─── Material provided

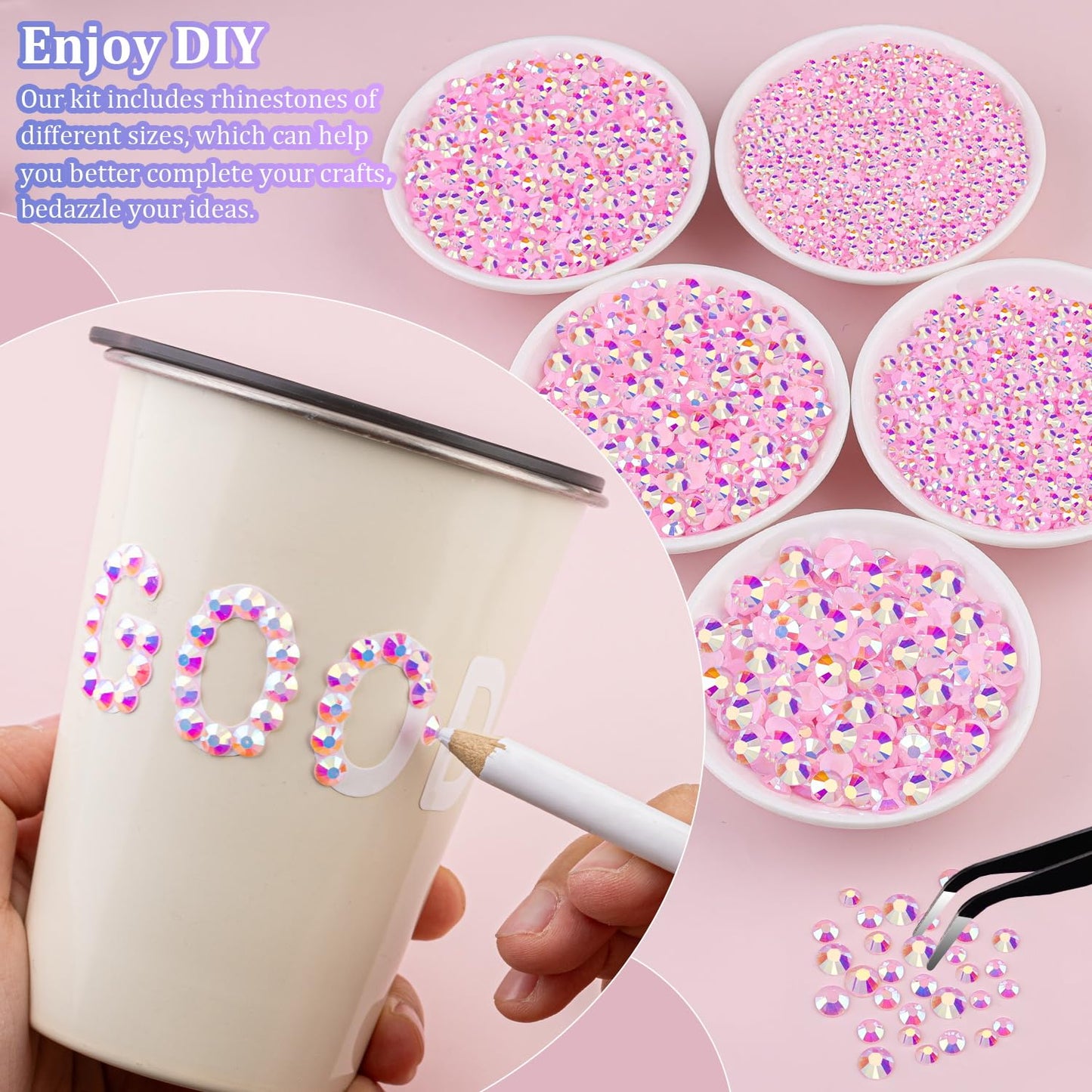 30000Pcs Resin Jelly Rhinestones with Tweezers for Crafting, Light Pink AB Flatback Gems, Bedazzling Crystal with 3Pcs 10ml B7000 Jewelry Glue for DIY Crafts Clothing Tumblers Shoes Fabric Nail Art-Velvo Beauty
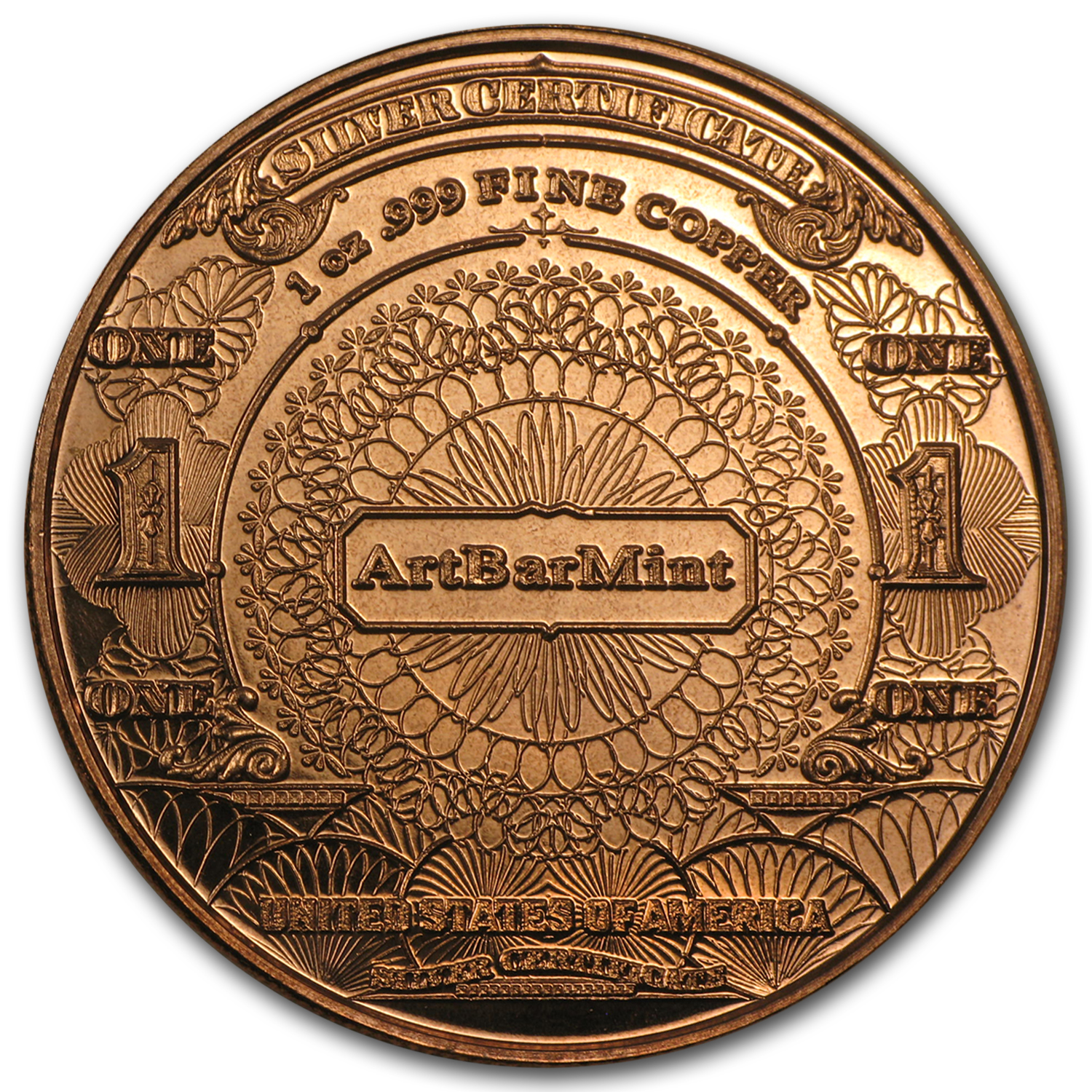 1 oz Copper Round - $1.00 Eagle Banknote Replica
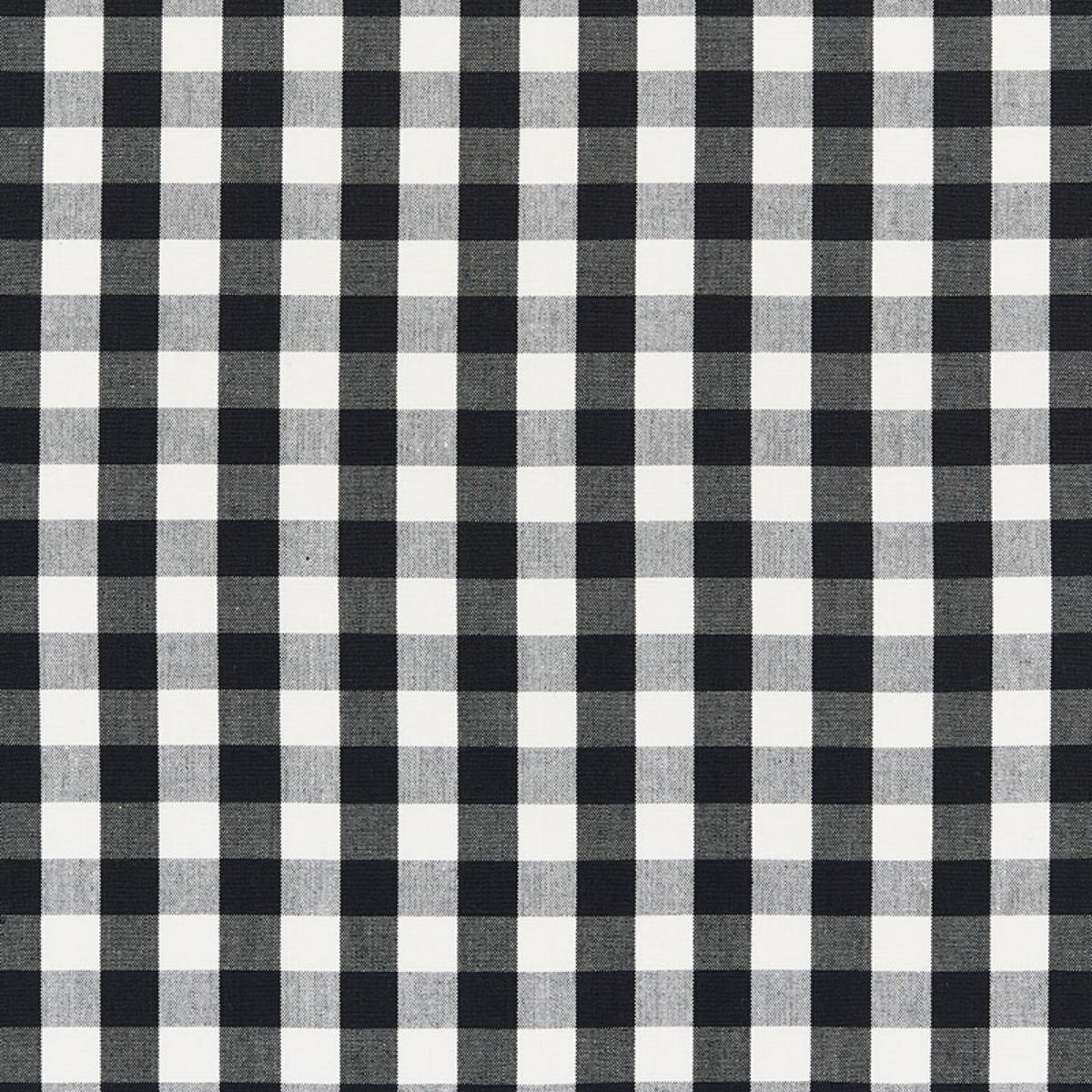 SCHUMACHER ELTON COTTON CHECK BLACK FABRIC | Atlanta Fabrics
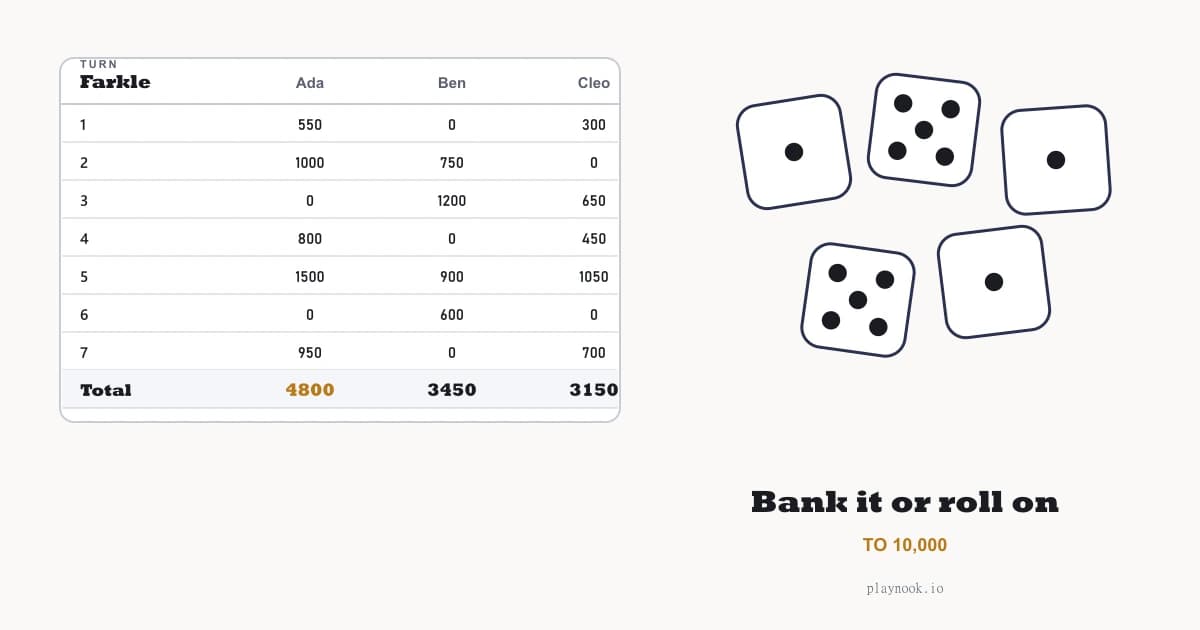A Farkle score sheet with turns listed down the side and running totals for four players, beside six dice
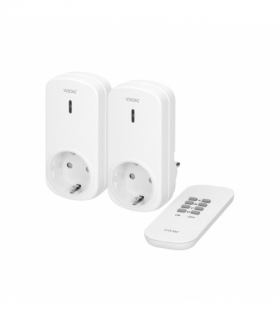 Zestaw bezprzewodowych gniazd sterowanych pilotem 2+1, Schuko Orno RS-4(GS)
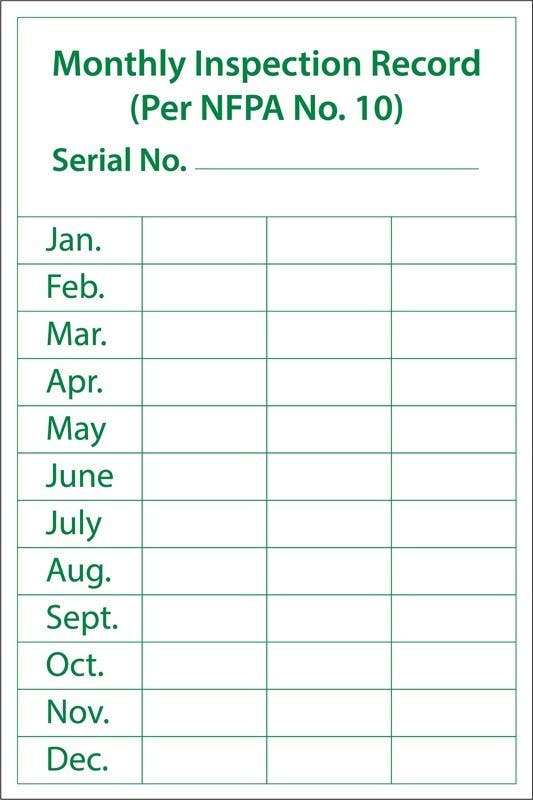 AccuformNMC ML1 Monthly Inspection Record Label , 3" x 2", PS Paper, 100/Roll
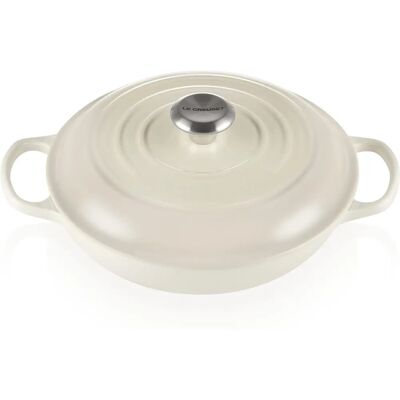 Le Creuset Signature Gietijzeren 26cm Platte Braadpan - Meringue Le Creuset Signature Gietijzeren 26cm Platte Braadpan - Meringue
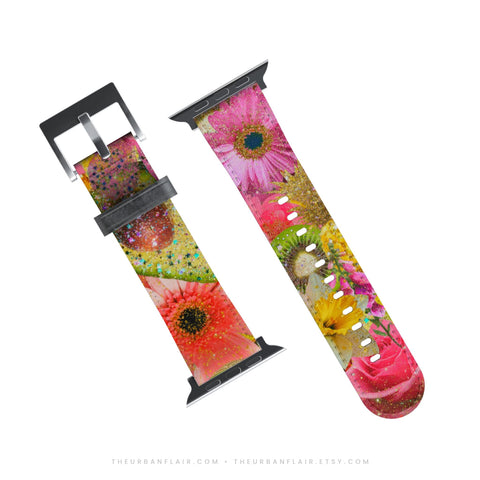 Tropical Floral Fruit Apple Watch Band - Fits All iWatch Series & Sizes - Women’s Vegan Leather Strap With Maximalist Design (Feat)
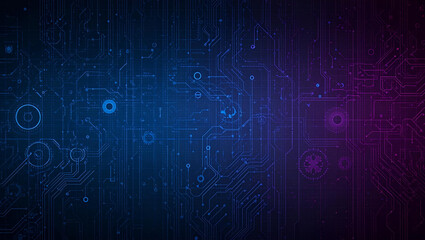 Abstract technological background with glowing blue and purple circuit board patterns and digital elements, symbolizing data and innovation.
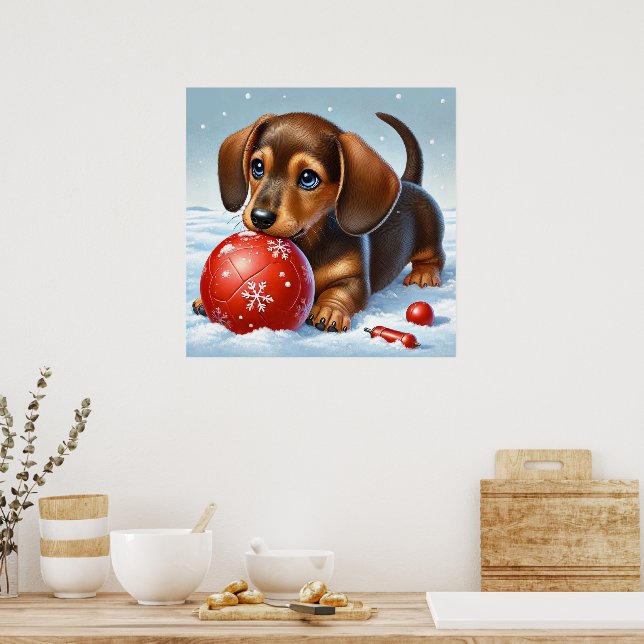 Adabla Dachshund-valpar som spelar i Snö Poster (Kök)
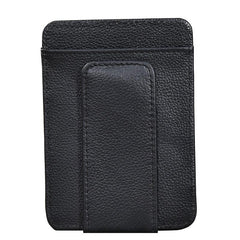 Black Leather Mens Front Pocket Wallet billfold Card Wallet Money Clip For Men - imessengerbags
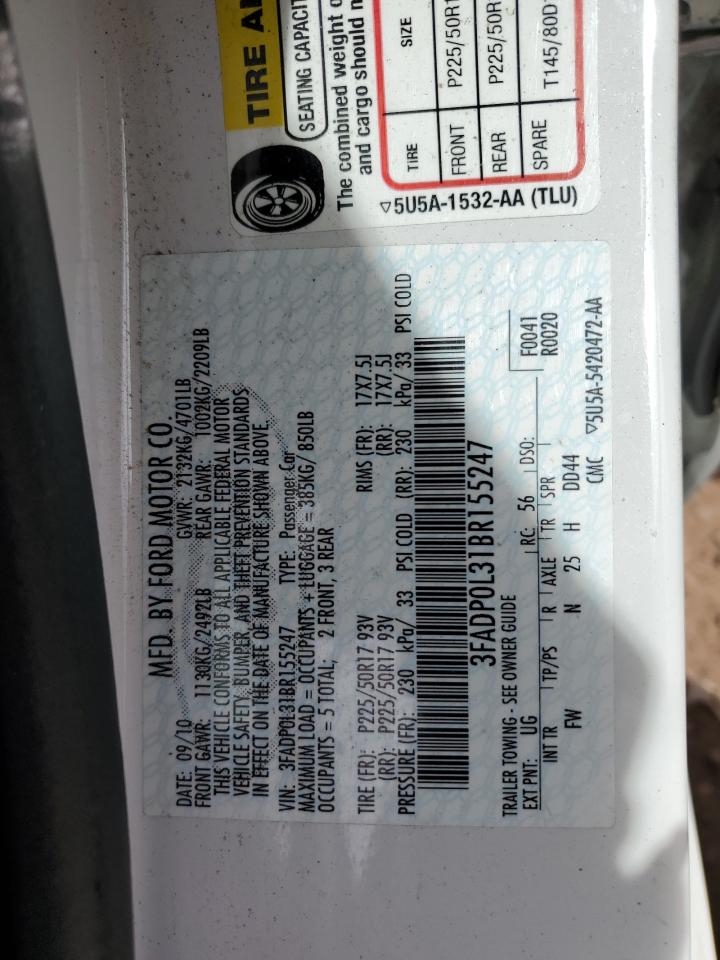 2011 Ford Fusion Hybrid VIN: 3FADP0L31BR155247 Lot: 82067385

──────

= Try it =
Type the entries again verbatim. Any pictures should be skipped.

= Solution =
 30000Pcs Resin Jelly Rhinestones with Tweezers for Crafting, Light Pink AB Flatback Gems, Bedazzling Crystal with 3Pcs 10ml B7000 Jewelry Glue for DIY Crafts Clothing Tumblers Shoes Fabric Nail Art-Velvo Beauty
 1 oz Copper Round - $1.00 Eagle Banknote Replica
 SCHUMACHER ELTON COTTON CHECK BLACK FABRIC | Atlanta Fabrics
A Farkle score sheet with turns listed down the side and running totals for four players, beside six dice
 Zestaw bezprzewodowych gniazd sterowanych pilotem 2+1, Schuko Orno RS-4(GS)
 AccuformNMC ML1 Monthly Inspection Record Label , 3" x 2", PS Paper, 100/Roll
 Le Creuset Signature Gietijzeren 26cm Platte Braadpan - Meringue Le Creuset Signature Gietijzeren 26cm Platte Braadpan - Meringue
 Tropical Floral Fruit Apple Watch Band - Fits All iWatch Series & Sizes - Women’s Vegan Leather Strap With Maximalist Design (Feat)
 Abstract technological background with glowing blue and purple circuit board patterns and digital elements, symbolizing data and innovation.
 Adabla Dachshund-valpar som spelar i Snö Poster (Kök)
 Black Leather Mens Front Pocket Wallet billfold Card Wallet Money Clip For Men - imessengerbags
 2011 Ford Fusion Hybrid VIN: 3FADP0L31BR155247 Lot: 82067385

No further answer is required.